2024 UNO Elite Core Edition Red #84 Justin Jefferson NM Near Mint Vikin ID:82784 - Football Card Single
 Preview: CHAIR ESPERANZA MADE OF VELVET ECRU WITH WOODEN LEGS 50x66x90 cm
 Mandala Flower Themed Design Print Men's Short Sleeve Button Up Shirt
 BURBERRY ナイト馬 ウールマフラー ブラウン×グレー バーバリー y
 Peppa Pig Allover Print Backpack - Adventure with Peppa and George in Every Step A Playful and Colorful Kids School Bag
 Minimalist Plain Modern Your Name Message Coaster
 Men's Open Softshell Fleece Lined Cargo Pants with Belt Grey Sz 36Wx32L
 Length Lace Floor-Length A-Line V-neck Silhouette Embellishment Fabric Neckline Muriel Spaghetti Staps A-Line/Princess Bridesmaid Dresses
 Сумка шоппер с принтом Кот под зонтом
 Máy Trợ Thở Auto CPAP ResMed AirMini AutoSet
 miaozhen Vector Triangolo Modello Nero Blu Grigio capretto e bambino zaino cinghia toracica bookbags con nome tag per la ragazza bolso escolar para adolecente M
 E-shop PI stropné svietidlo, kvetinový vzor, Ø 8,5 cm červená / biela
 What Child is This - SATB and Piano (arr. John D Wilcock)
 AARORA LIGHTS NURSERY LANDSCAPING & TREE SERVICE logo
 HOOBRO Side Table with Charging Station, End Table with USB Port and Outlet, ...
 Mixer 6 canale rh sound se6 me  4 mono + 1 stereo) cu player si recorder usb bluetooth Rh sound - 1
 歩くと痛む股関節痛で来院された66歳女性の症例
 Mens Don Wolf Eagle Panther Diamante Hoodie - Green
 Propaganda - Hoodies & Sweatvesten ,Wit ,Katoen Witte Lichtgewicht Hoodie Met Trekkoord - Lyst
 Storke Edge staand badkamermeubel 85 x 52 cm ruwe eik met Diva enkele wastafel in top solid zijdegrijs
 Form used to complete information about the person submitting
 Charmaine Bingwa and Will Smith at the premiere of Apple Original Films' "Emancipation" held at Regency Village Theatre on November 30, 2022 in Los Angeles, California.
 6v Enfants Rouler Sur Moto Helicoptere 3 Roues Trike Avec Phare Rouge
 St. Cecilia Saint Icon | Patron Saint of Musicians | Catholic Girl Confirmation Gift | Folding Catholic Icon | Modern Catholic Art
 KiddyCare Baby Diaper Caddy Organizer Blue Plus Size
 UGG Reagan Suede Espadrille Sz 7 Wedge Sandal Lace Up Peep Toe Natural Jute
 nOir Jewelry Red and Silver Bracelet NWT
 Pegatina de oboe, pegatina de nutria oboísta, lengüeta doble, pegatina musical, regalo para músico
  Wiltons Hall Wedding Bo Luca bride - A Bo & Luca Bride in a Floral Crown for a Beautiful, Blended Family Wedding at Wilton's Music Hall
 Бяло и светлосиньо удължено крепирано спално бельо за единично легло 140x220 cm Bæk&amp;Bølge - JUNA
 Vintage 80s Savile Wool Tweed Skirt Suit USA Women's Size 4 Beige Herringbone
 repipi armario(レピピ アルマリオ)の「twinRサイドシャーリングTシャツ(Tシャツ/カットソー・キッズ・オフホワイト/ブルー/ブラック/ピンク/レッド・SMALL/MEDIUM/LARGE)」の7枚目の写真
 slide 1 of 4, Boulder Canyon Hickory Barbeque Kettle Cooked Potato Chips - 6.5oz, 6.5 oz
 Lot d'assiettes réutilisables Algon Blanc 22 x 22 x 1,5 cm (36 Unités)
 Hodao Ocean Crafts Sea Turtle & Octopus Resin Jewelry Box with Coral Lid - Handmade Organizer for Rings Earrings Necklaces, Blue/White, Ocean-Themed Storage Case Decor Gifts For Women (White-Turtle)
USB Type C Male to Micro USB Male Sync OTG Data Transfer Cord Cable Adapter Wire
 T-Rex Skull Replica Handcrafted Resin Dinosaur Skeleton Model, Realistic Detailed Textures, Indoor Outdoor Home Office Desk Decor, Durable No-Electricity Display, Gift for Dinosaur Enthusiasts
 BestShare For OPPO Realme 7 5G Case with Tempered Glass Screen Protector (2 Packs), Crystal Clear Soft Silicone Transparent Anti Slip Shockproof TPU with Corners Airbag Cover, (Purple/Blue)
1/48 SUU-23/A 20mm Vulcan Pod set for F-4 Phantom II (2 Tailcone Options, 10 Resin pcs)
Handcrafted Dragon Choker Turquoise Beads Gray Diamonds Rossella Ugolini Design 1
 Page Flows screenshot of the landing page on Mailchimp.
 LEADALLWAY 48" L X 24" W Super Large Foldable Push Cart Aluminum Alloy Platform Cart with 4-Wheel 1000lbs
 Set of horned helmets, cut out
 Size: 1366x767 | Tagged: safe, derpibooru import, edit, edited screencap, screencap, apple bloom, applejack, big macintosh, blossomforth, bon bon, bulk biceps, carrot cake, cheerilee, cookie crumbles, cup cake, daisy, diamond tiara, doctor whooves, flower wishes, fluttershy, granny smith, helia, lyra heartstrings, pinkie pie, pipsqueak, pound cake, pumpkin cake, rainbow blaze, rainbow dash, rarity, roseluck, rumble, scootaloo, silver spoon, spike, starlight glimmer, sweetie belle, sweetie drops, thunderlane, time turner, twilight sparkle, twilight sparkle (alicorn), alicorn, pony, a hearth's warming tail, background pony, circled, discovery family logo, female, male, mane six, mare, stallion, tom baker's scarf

+-------+

> Problem to work on
Find the word "Resin" in the entries above. Copy every line that has it.

> Response area
 Hodao Ocean Crafts Sea Turtle & Octopus Resin Jewelry Box with Coral Lid - Handmade Organizer for Rings Earrings Necklaces, Blue/White, Ocean-Themed Storage Case Decor Gifts For Women (White-Turtle)
 T-Rex Skull Replica Handcrafted Resin Dinosaur Skeleton Model, Realistic Detailed Textures, Indoor Outdoor Home Office Desk Decor, Durable No-Electricity Display, Gift for Dinosaur Enthusiasts
1/48 SUU-23/A 20mm Vulcan Pod set for F-4 Phantom II (2 Tailcone Options, 10 Resin pcs)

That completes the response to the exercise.